● SUPPLIED RECORDS
☆ ☆ ☆
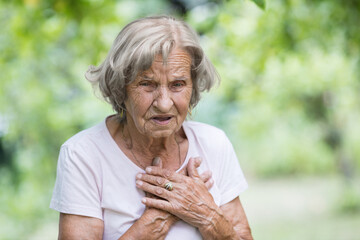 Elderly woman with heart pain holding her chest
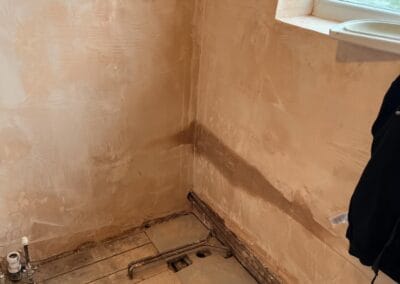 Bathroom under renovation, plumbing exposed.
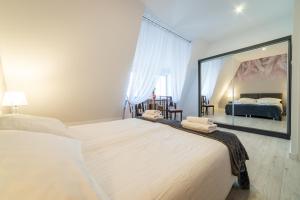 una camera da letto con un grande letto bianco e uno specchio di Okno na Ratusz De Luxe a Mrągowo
☆ ☆ ☆
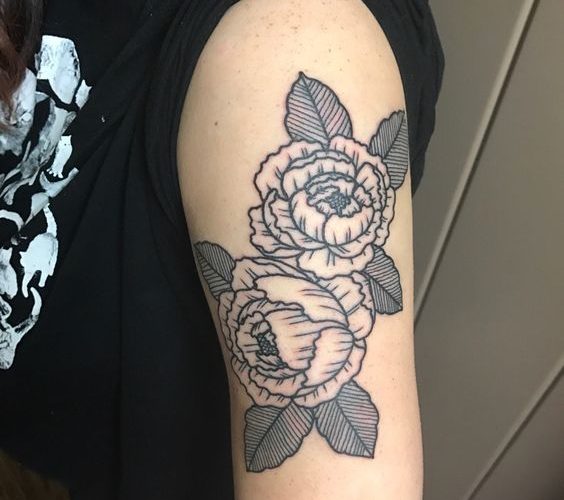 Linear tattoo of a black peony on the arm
☆ ☆ ☆
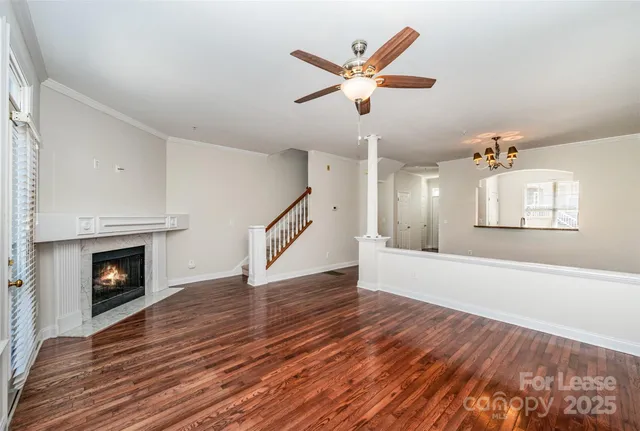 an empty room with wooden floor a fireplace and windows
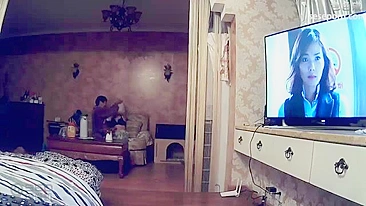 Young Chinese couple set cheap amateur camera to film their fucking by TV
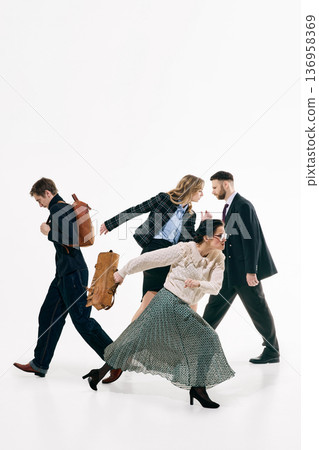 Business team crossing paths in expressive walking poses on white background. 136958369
☆ ☆ ☆
Out of the records above, please copy exactly the lines from the line with "Elderly woman with" up to and including the line with "una camera da", minus the pictures.

● ANSWER SPACE
 Elderly woman with heart pain holding her chest
 Bathroom under renovation, plumbing exposed.
 una camera da letto con un grande letto bianco e uno specchio di Okno na Ratusz De Luxe a Mrągowo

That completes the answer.